Üretim odaklı yaşam felsefesinin yerini son 10’lu yıllarda tüketim odaklı yaşam felsefesinin aldığını kaydeden Tarhan, “Ailede en çok ne konuşuluyor diye sorguladığımızda tüketim ortaya çıkıyor. ‘Şunu alacağım, onu giyeceğim’ gibi bir düşünce ve güzellik fetişizmi var. Kendini sergileme fetişizmi var. Bu dönemde insanlar diledikleri gibi tüketim yapamadıkları için kötü hissettiler. Kozmetik ürünlerindeki satışların düşmesi de bunu gösteriyor. Küresel olarak mutsuzluğun artması depresyonun ve ruhsal sorunların artması demektir” uyarısında bulundu
“Psikososyal riskler artacak”
Araştırmada toplumun yüzde 20-25 oranında hiç evden çıkmamak gibi bir seçimde bulunduğunu belirten Tarhan, “Yine aynı oranlarda insanlar da eve hiç girmeme davranışı sergilemiş. Toplumda her zaman yüzde 3 oranında marijinaller vardır. Yüzde 3 oranında ortalama zekası düşük ve yüzde 3 oranında ortalama zekası yüksek kişiler vardır. İkisi de özel gruplar sayılır. Zeka testlerinde çan eğrisinin iki ucu da yüzde 3’tür. Burada baktığımızda çan eğrisinin iki ucunun da yükseldiğini görüyoruz. Bu demektir ki önümüze psikososyal riskler daha çok gelecek. İnsanların yüzde 71’inde kötüye gidecek algısının olması kötü dünya sendromu dediğimiz duruma işaret ediyor. Son yıllarda gündeme gelen kötü dünya sendromu, Covid – 19 döneminde hızlanacak gibi görünüyor. Kötü dünya sendromunda üç türlü tepki oluyor.

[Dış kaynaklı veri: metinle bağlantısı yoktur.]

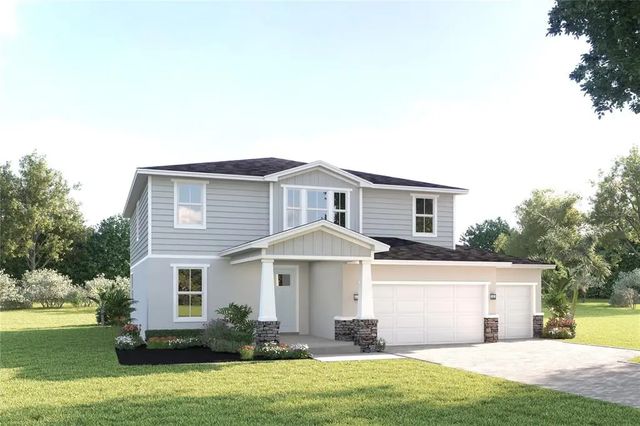 2194 Blue Heron Circle, AUBURNDALE
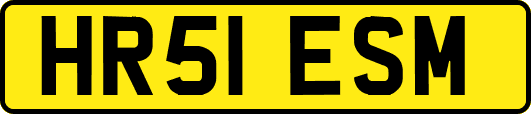 HR51ESM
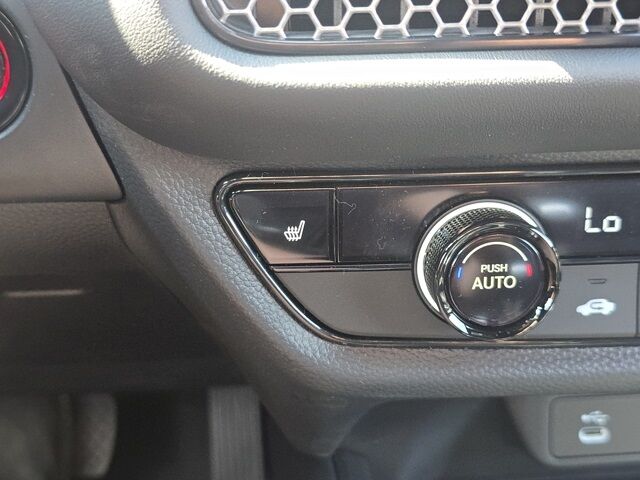 2026 Honda HR-V Sport Columbus OH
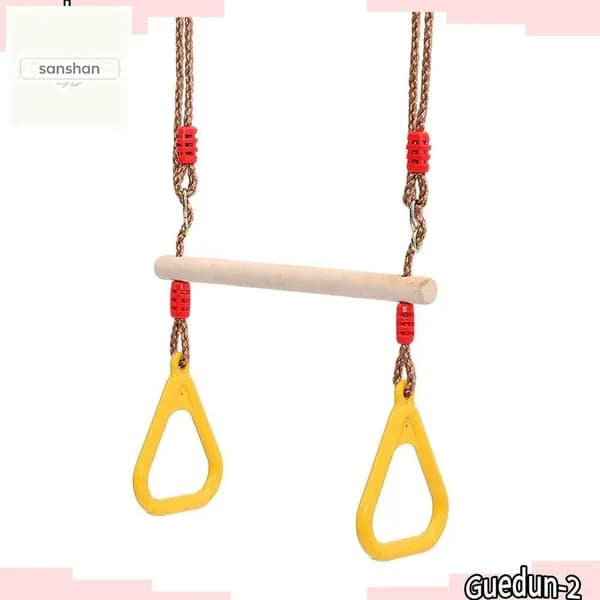 Крюки для турника, максимальный вес пользователя: 300.0 кг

Bazıları içine kapanıyor ve kaçıyor. İmkânı olanlar farklı yerlere kaçmayı planlıyor. Diğer kitle depresyona giriyor. Bu kişilerde gelecek ve hayat güvende değil duygusu oluyor. Bir grup kişi de saldırganlaşıyor ve suç, şiddet olayları artıyor” dedi.

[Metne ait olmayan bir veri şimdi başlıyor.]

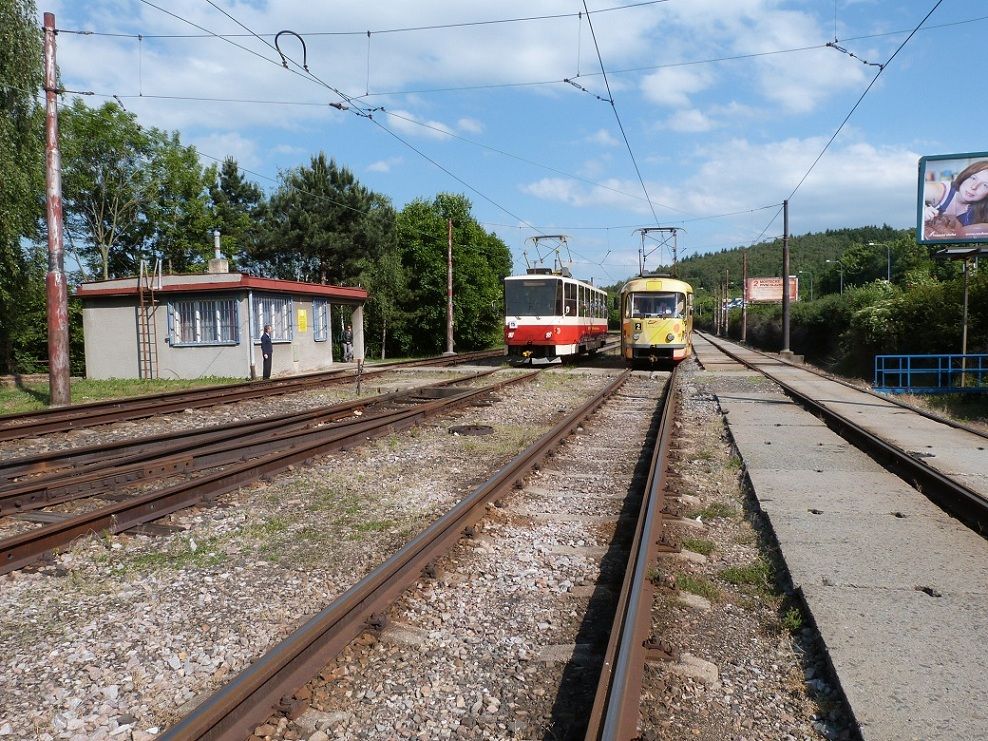 Most,ndra smyka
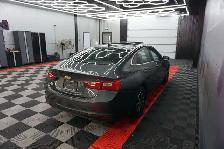 2017 Chevrolet Malibu LT 1.5L TURBO AUTO CUIR - TOIT PANO GPS NA - Photo 7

Gençler ve ileri yaş grubuna dikkat
Prof. Dr. Nevzat Tarhan, gençlerdeki artan yalnızlık duygusuna dikkat çekerek “Çok sık yalnız hissediyorum’ diyen gençlerin oranında artış var. Oran yüzde 44. Bu duruma en çok gençlerde rastlandı. Diğer insanlarda ise bu oran yüzde 30 seviyesinde ortaya çıktı. İleri yaşta insanların hayatlarında ilk defa antidepresan kullandıklarını gördük. İleri yaştaki insanların kendilerini faydasız gibi hissetmeleri, eskisi gibi çocuklarının ziyaret etmemeleri, toplum tarafından dışlandıklarını hissetmeleri ileri yaştaki insanları çok olumsuz etkiledi. 60 yaş üzeri insanlar için politikaları gözden geçirmek gerekiyor” dedi.

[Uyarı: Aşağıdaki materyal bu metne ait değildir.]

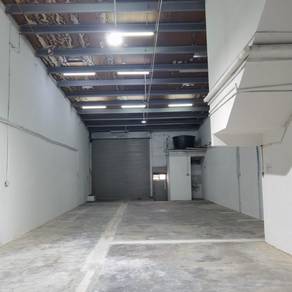 Warehouse / Factory For Rent in Cheras,SGR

Prof. Dr. Nevzat Tarhan, toplumdaki sevgi ve güven duygusunun önemli olduğunu belirterek “Bu duygular toplumu bir arada tutan en önemli duygulardır. Bu duyguları toplumda canlandırabilmek, ailede krizde söylediğimiz iki kavram vardır. Şefkat sevgiden daha büyüktür. Çünkü onun içerisinde koşulsuz sevgi vardır. Nezaket duygusu da saygıdan daha büyüktür. Onun içerisinde kırıp dökmeden her sorunu konuşabilme boyutunda düşünerek saygı göstermek vardır. Toplumda şefkat ve nezaket duygularını nasıl artırırz konusunu bunları önemseyerek politikalar belirlenirse toplumdaki gereksiz gerilimlere kışkırtıcı şekilde sonuç almak isteyen kişilere karşı en güzel cevabı vermiş oluruz” dedi.
Pandemide en çok önemsediği grubun gençler olduğunu kaydeden Prof. Dr. Nevzat Tarhan, “Gençler şu anda kırılganlığa en yakın yaş grubu. Özellikle 16-24 yaş grubuna özellikle önem vermek gerekiyor. Bu yaş grubunun üç özelliği vardır. Her zaman her dönemde böyledir. Osmanlı’nın son döneminde de Fransız ihtilalinde de böyleydi. Kendilerini dışlanıyor ve önemsiz görüldüklerini hissederlerse protest oluyorlar. Protest olmamaları için gelir eşitliğinin, gelir adaletinin ve ayrımcılığın yapılmadığı daha çok adalet duygusunun önemli olduğunu hissetmeleri gerekiyor. Bu onlarda güven oluşturur. Diğer güven oluşturan duygu da özgürlük duygusudur. Özgürlüğünün kısıtlanmadığını hissederlerse geleceklerini güven altında hissederler. Yurt dışında okumak isteyen gençlerde artış varsa bu gelecek kaygılarının yüksek olduğunu gösterir” diye konuştu.